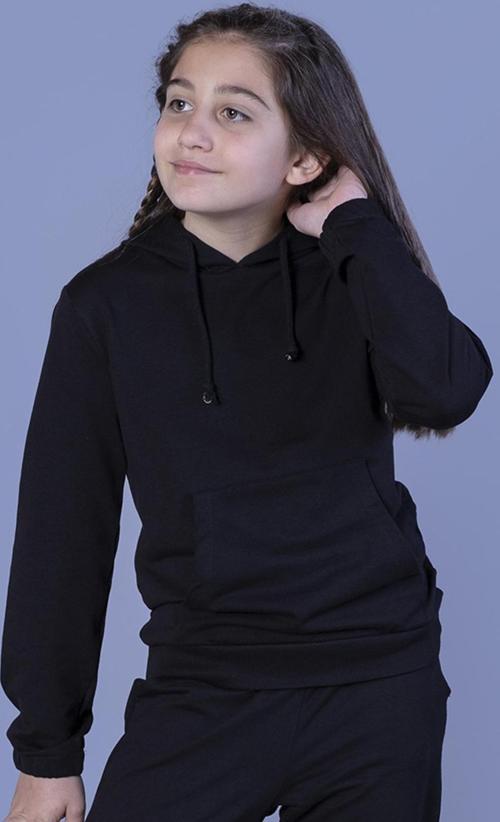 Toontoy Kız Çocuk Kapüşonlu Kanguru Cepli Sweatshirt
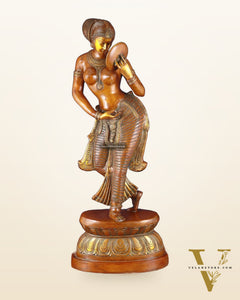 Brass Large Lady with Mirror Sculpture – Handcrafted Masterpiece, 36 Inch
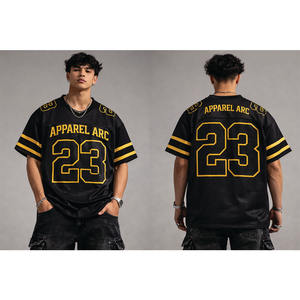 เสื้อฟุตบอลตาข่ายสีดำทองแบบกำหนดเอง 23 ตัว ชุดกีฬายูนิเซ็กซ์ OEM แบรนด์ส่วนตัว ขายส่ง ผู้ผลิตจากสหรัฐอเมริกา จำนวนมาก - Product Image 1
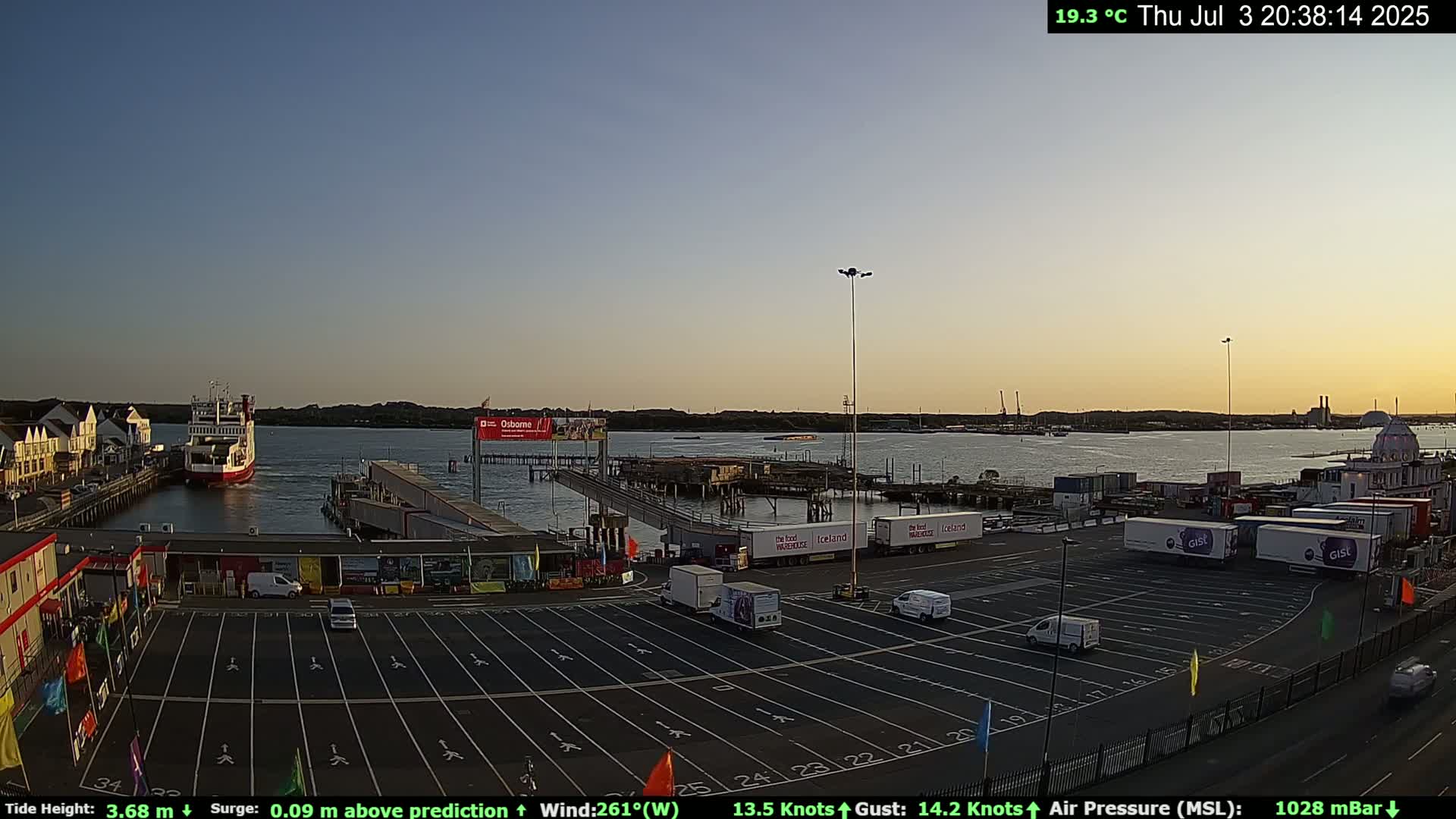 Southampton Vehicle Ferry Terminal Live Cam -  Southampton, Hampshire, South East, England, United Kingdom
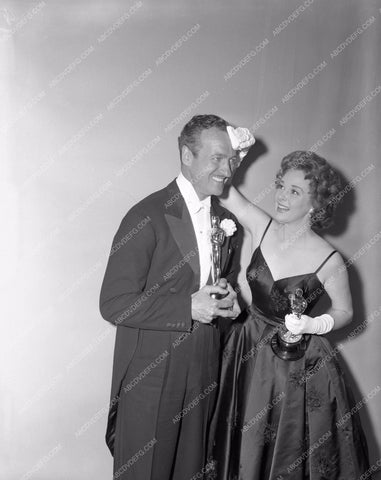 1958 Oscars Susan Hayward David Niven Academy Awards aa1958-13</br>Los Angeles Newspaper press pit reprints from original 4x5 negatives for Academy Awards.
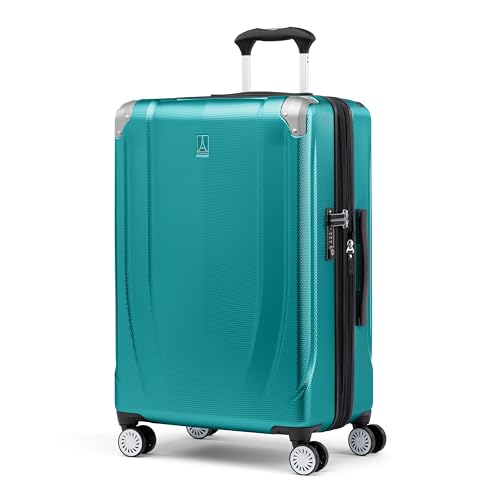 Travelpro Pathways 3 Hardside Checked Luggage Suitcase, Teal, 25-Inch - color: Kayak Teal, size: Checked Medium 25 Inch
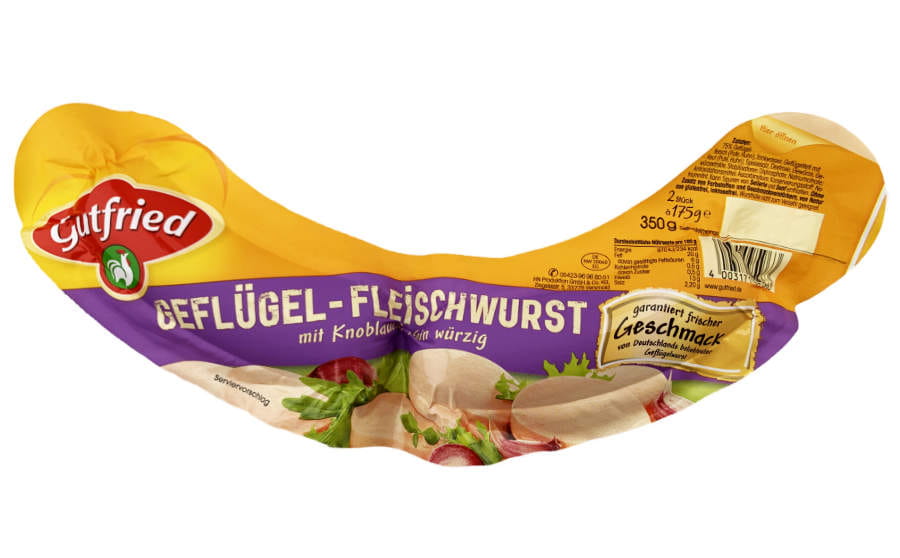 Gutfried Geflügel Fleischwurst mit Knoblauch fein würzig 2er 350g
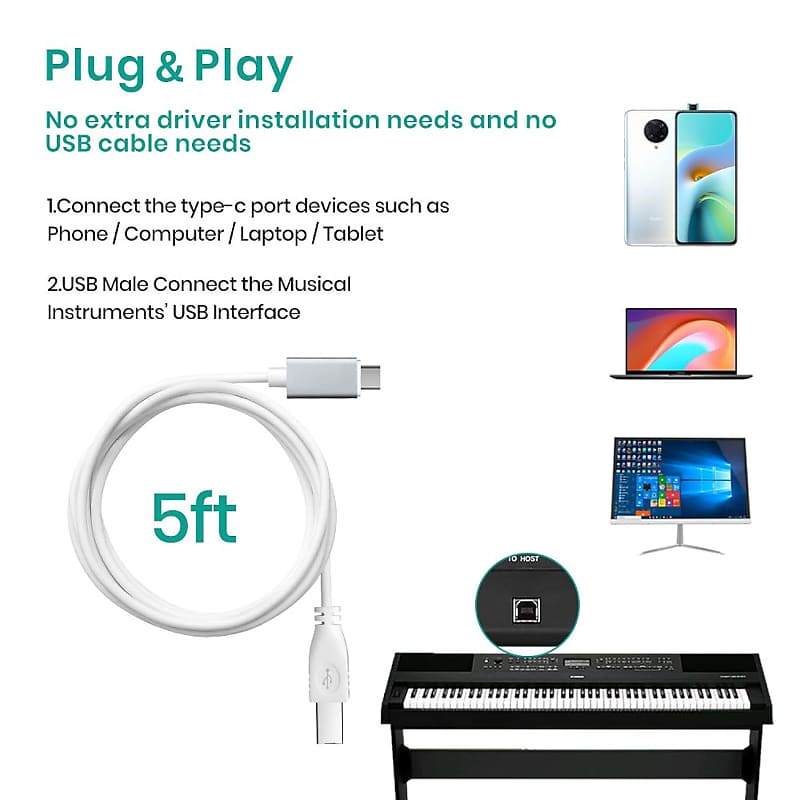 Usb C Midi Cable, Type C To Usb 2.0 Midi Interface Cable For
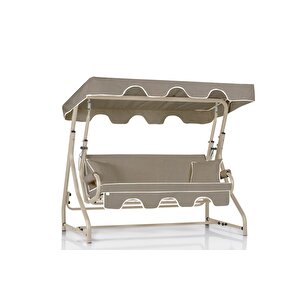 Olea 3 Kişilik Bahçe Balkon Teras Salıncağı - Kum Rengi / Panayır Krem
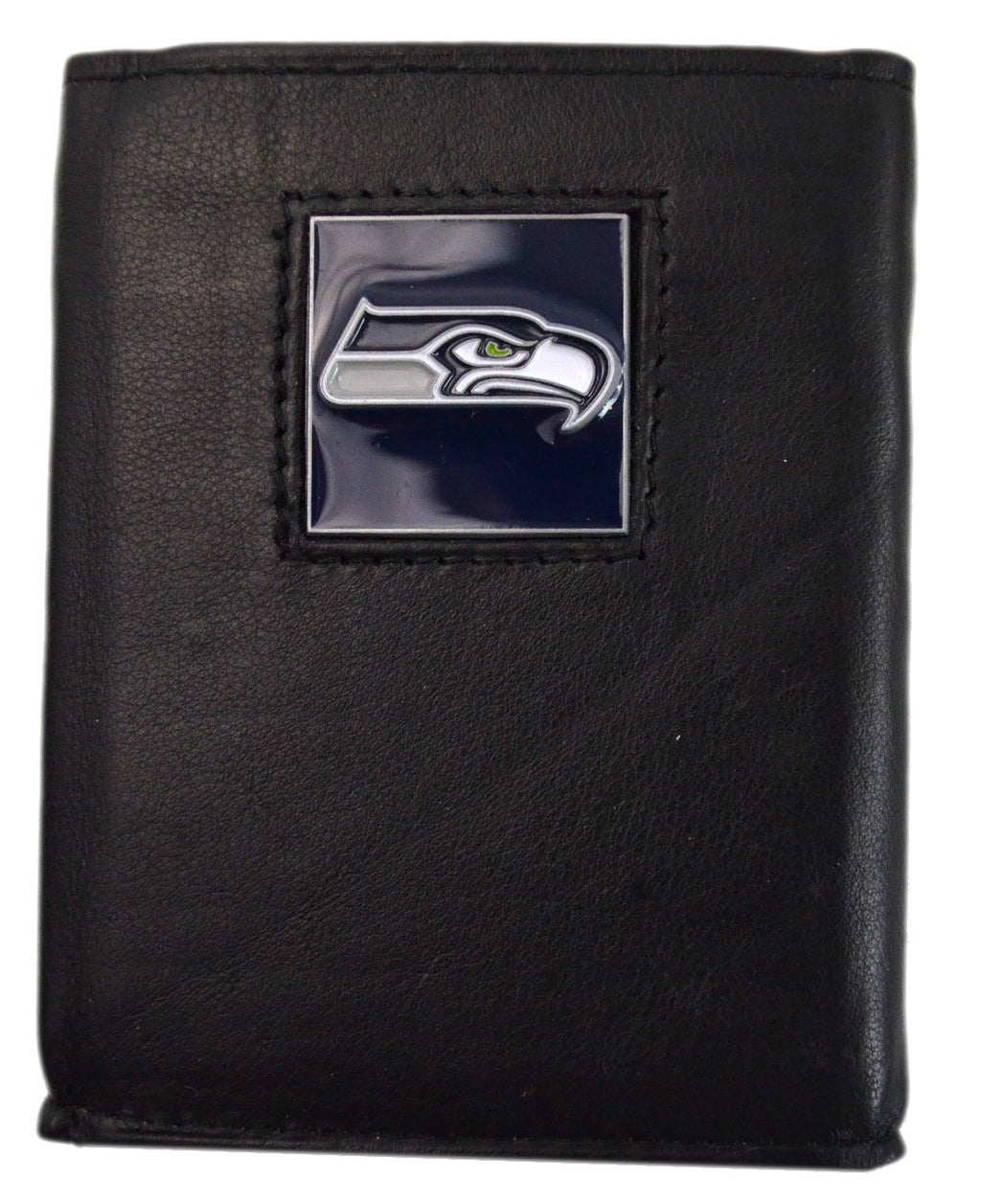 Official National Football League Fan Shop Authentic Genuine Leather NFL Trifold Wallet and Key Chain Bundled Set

====

[Work instruction]:
Although the records contain pictures, the copy should consist of their text alone, reproduced exactly.

[Reply to the task]:
 Toontoy Kız Çocuk Kapüşonlu Kanguru Cepli Sweatshirt
 Brass Large Lady with Mirror Sculpture – Handcrafted Masterpiece, 36 Inch
 เสื้อฟุตบอลตาข่ายสีดำทองแบบกำหนดเอง 23 ตัว ชุดกีฬายูนิเซ็กซ์ OEM แบรนด์ส่วนตัว ขายส่ง ผู้ผลิตจากสหรัฐอเมริกา จำนวนมาก - Product Image 1
 Southampton Vehicle Ferry Terminal Live Cam -  Southampton, Hampshire, South East, England, United Kingdom
 1958 Oscars Susan Hayward David Niven Academy Awards aa1958-13</br>Los Angeles Newspaper press pit reprints from original 4x5 negatives for Academy Awards.
 Travelpro Pathways 3 Hardside Checked Luggage Suitcase, Teal, 25-Inch - color: Kayak Teal, size: Checked Medium 25 Inch
 Gutfried Geflügel Fleischwurst mit Knoblauch fein würzig 2er 350g
 Usb C Midi Cable, Type C To Usb 2.0 Midi Interface Cable For
 Olea 3 Kişilik Bahçe Balkon Teras Salıncağı - Kum Rengi / Panayır Krem
 Official National Football League Fan Shop Authentic Genuine Leather NFL Trifold Wallet and Key Chain Bundled Set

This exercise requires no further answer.